You can then install it by downloading the binary and putting it in your path, for example on Linux:

wget https://github.com/kubeflow/kfctl/releases/download/v1.2.0/kfctl_v1.2.0-0-gbc038f9_linux.tar.gz
tar -xzf kfctl_v1.2.0-0-gbc038f9_linux.tar.gz
sudo mv kfctl /usr/local/bin/

Clone the repository with the DSRI custom images and deployments for the OpenDataHub platform, and go to the kfdef folder:

git clone https://github.com/MaastrichtU-IDS/odh-manifests
cd odh-manifests/kfdef

🪐 Deploy JupyterHub and Spark

Go the the kfdef folder

All scripts need to be run from the kfdef folder 📂

You can deploy JupyterHub with 2 different authentications system, use the file corresponding to your choice:

  • For the default DSRI authentication use kfctl_openshift_dsri.yaml

  • For GitHub authentication use kfctl_openshift_github.yaml

    • You need to create a new GitHub OAuth app: https://github.com/settings/developers

    • And provide the GitHub client ID and secret through environment variable before running the start script:

      export GITHUB_CLIENT_ID=YOUR_CLIENT_ID
      export GITHUB_CLIENT_SECRET=YOUR_CLIENT_SECRET

First you will need to change the namespace: in the file you want to deploy, to provide the project where you want to start JupyterHub (currently opendatahub-ids), then you can deploy JupyterHub and Spark with kfctl:

./start_odh.sh kfctl_openshift_dsri.yaml

🗄️ Persistent volumes are automatically created for each instance started in JupyterHub to insure persistence of the data even JupyterHub is stopped. You can find the persistent volumes in the DSRI web UI, go to the Administrator view > Storage > Persistent Volume Claims.

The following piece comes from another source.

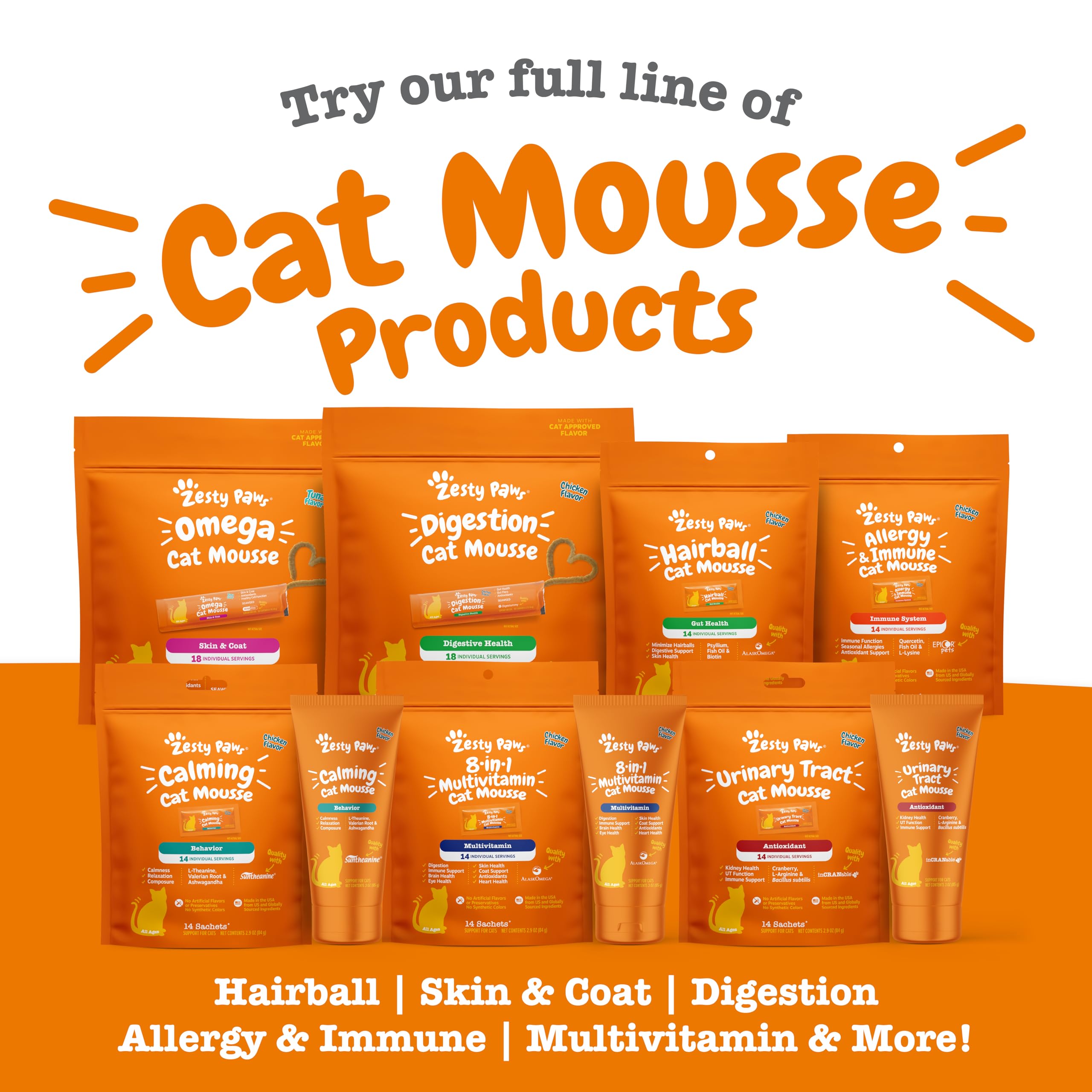 Zesty Paws Bacillus subtilis gut-immune boost in mousse supports digestion.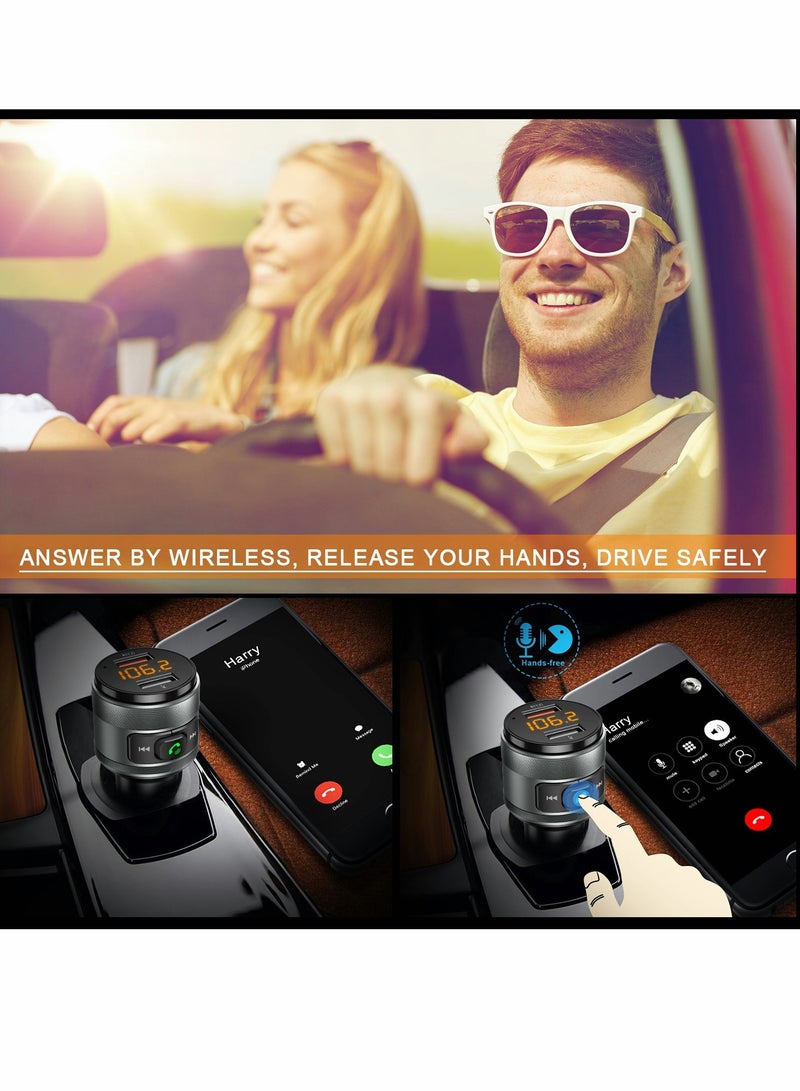 Bluetooth 5.0 FM Transmitter for Car, 3.0 Wireless Bluetooth FM Radio Adapter Music Player FM Transmitter Car Kit with Hands-Free Calling and 2 USB Ports Charger Support USB Drive - Image 3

⚡️ A Spark cluster with 3 workers is automatically created with the service name spark-cluster, you can use the URL of the master node to access it from your workspace: spark://spark-cluster:7077

✨ Use the Spark cluster

Matching Spark versions

Make sure all the Spark versions are matching, the current default version is 3.0.1

You can test the Spark cluster connection with PySpark:

from pyspark.sql import SparkSession, SQLContext
import os
import socket
# Create a Spark session
spark_cluster_url = "spark://spark-cluster:7077"
spark = SparkSession.builder.master(spark_cluster_url).getOrCreate()
sc = spark.sparkContext

# Test your Spark connection
spark.range(5, numPartitions=5).rdd.map(lambda x: socket.gethostname()).distinct().collect()
# Or try:
#x = ['spark', 'rdd', 'example', 'sample', 'example']
x = [1, 2, 3, 4, 5]
y = sc.parallelize(x)
y.collect()
# Or try:
data = [1, 2, 3, 4, 5]
distData = sc.parallelize(data)
distData.reduce(lambda a, b: a + b)

Match the version

Make sure all the Spark versions are matching, the current default version is 3.0.1:

  • Go to the Spark UI to verify the version of the Spark cluster
  • Run spark-shell --version to verify the version of the Spark binary installed in the workspace
  • Run pip list | grep pyspark to verify the version of the PySpark library

Check the JupyterLab workspace Dockerfile to change the version of Spark installed in the workspace, and see how you can download and install a new version of the Spark binary.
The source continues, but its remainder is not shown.